The really unfair bit about writing--and I understand this is true of painting as well, and no doubt music--is that it never comes out as good on the page as it does in your head. We were sitting on the couch watching anime tonight when I suddenly had this fantastic idea for my long-awaited second novel. The main character has to find something his late grandfather hid before he died, and not being an analytical sort I've had a hard time coming up with clues for him to put together in order to get there. Then it hit me, this great way the grandfather could not only conceal the thing from everyone else but do so in a way that would tip off his grandson as to where it is.

I grabbed a notebook and scribbled down the essentials, and then when the show was over fired up my computer and wrote the scene it figures in as quickly as possible so I wouldn't lose it while it was still fresh in my mind. And while I still love the idea, the scene just SO falls short of how it seemed when it only existed in my imagination.

Bah. One of my biggest obstacles writing-wise is that I want everything to be perfect on the first try and I get dejected when it's not. It's annoying and stupid.

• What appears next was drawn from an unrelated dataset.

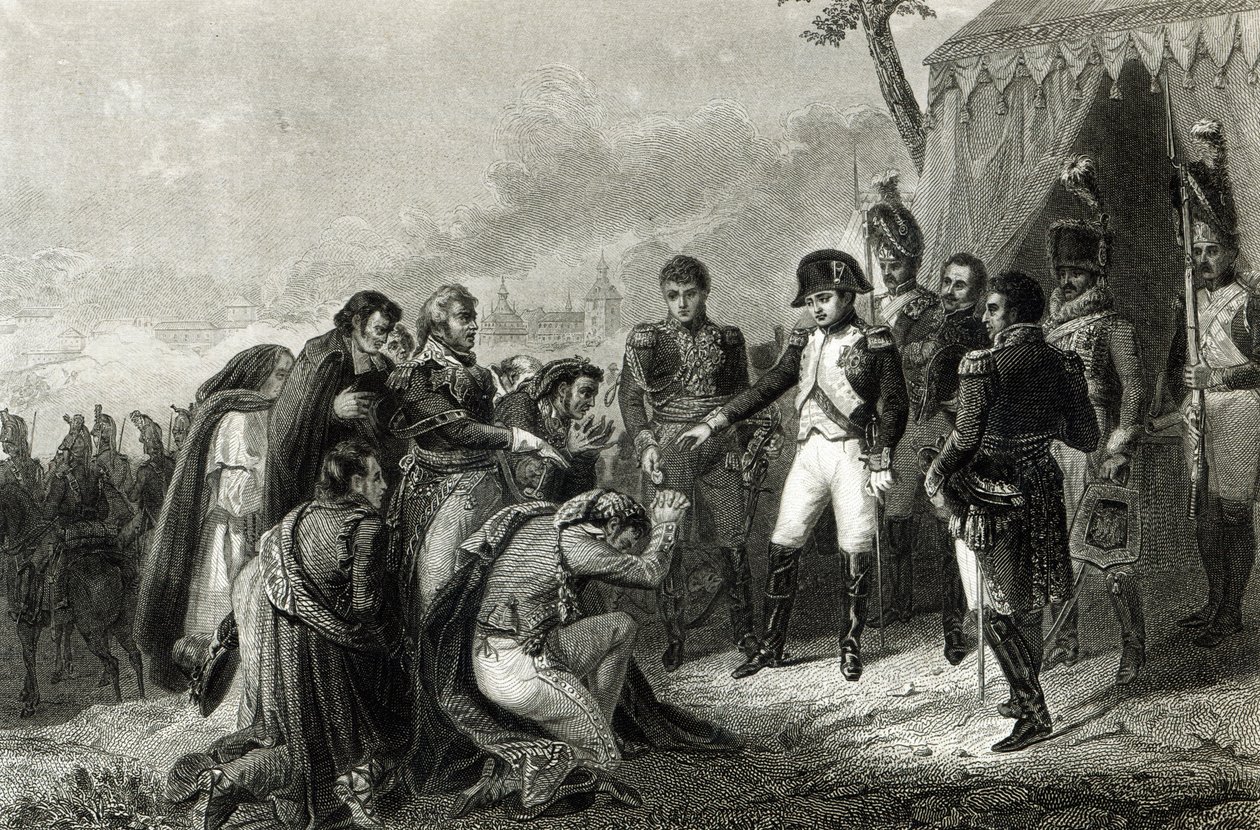 Los españoles derrotados postrados ante Napoleón antes de su entrada en Madrid, diciembre de 1808 de Antoine Charles Horace Vernet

Anyway, last night I hammered on one chapter of Neon Blood, one of those (mercifully few) chapters that doesn't just need editing but a solid rewrite. It was very tough going but I'm almost finished with it and am pretty satisfied with how it turned out. I'll read it over again and see how it looks now. This would be chapter...fourteen, I think. Which leaves only seven left to go! Woo hoo! I've been immersed in it for a while now and am not relishing the idea of printing it out and proofreading the manuscript. For one thing, it's drudgery, and for another, I'm afraid I'll find something else I want to rewrite. I can picture a circle of Hell where damned writers obsessively toil away at the same book for eternity. "It's coming along great! Just a few small changes and it'll be done, I swear!"